Companies Act 1913 Sections 153 and mergers / mergers of 153 companies

1987 M L D 2522

[Lahore]

Before Abaid Ullah Khan and Akhtar Hasan, JJ

LAHORE AMERICAN SOCIETY--Appellant

versus

G.M.RIAZ and others--Respondents-

Regular First Appeal No.44 of 1979, decided on 18th March, 1987.

Civil Procedure Code (V of 1908)--

---O.XIV, Rr. 1 & 2--Issues--Framing and disposal of--Issue regarding limitation which was linked up with other controversial matters cropping up in litigation, held, could not be treated as issue purely of law and disposed of without receiving and considering evidence of parties--Better course for Court to decide such suit, would be to frame all issues and give finding thereon after receiving evidence or parties.

M.A. Rahman for Appellant.

Aitizaz Ahsan for Respondents.

Dates of hearing: 9th and 18th March, 1987.

JUDGMENT

ABAID ULLAH KHAN, J.

--Lest our observations in view of the order proposed to be passed, should in any way influence the learned trial Court we would not like to say anything on the merits the case and would confine ourselves to stating the minimum facts necessary for the disposal of this appeal. On the 7th February, 1973, the appellant brought suit for specific performance of contract of sale of the property in dispute alleged to have been entered into by the respondents on the 25th July, 1971. The respondents objected to the validity of the agreement on various grounds.
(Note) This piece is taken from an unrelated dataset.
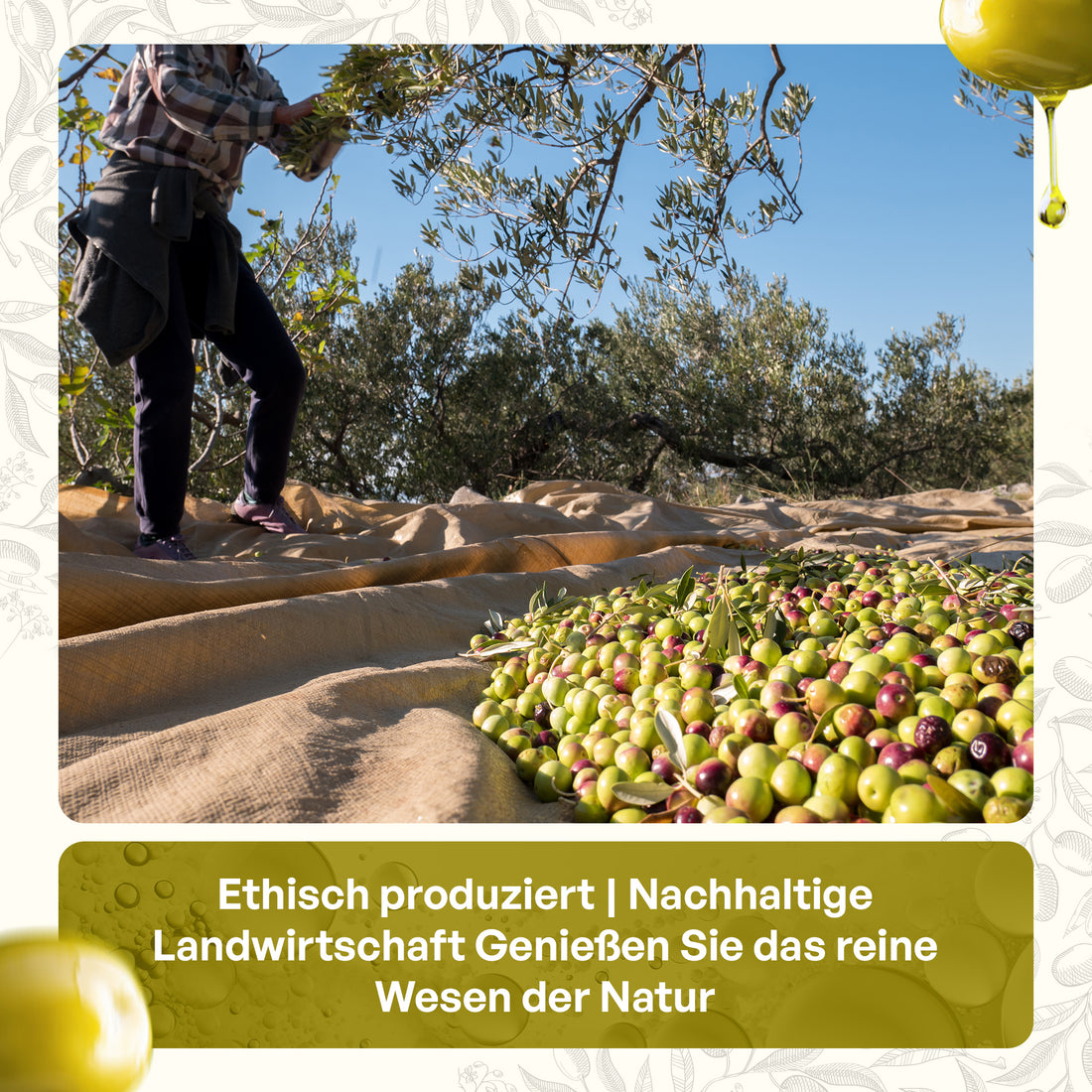 Olivenöl 1L OliviAmo – 100% Echtes Natives Olivenöl Extra aus Avellino 🇮🇹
They described the suit to be time-barred for its having been instituted more than three years after the 15th November, 1972, which, according to them, Was the date fixed in the deed of agreement for the performance of the contract. The appellant, on the basis of the correspondence said to have been exchanged between it and respondent 1 and what had been set out, in the deed, tried to make out a case that the 15th November, 1972, was not the final or firm date of the completion of the contract. Respondents 2 to 4 came up with the plea that the deed of agreement had been got executed by them under coercion and undue influence alleged to have been exercised by respondent 1. They gave out that they were not bound by what respondent 1 settled through correspondence or otherwise with the appellant.
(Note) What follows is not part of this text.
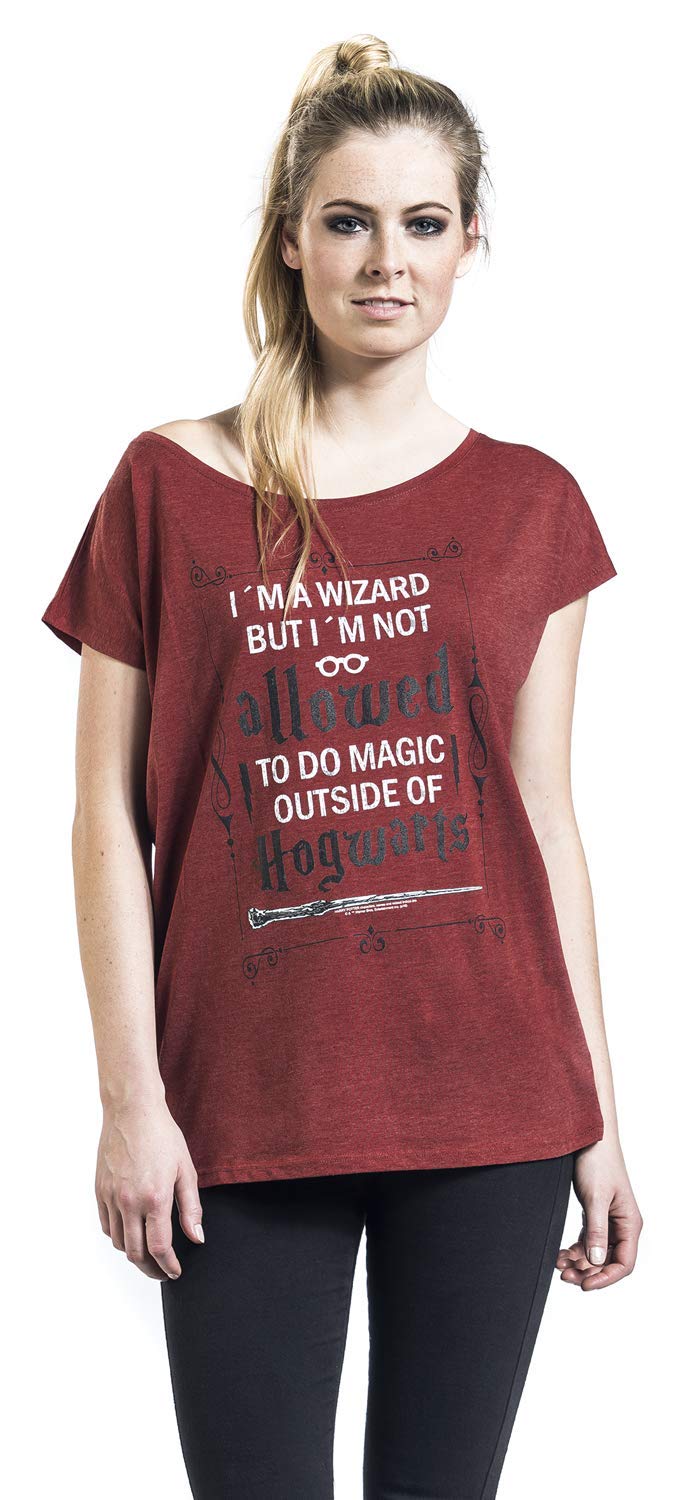 HARRY-POTTER-Allowed-T-Shirt-rot-meliert-XXL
2. An exception to the correctness of the value of the cause for purpose of court-fee was taken. The learned trial Court settled the following issues for preliminary hearing,-

(1) Whether the suit is within time

(2) Whether the suit is properly valued for the purpose of court-fee

3 Without giving an opportunity to the parties to adduce evidence the learned trial Court of the Civil Judge, Lahore, vide its order of the 24th February, 1979, answered the first issue in the negative and did not decide the other issue.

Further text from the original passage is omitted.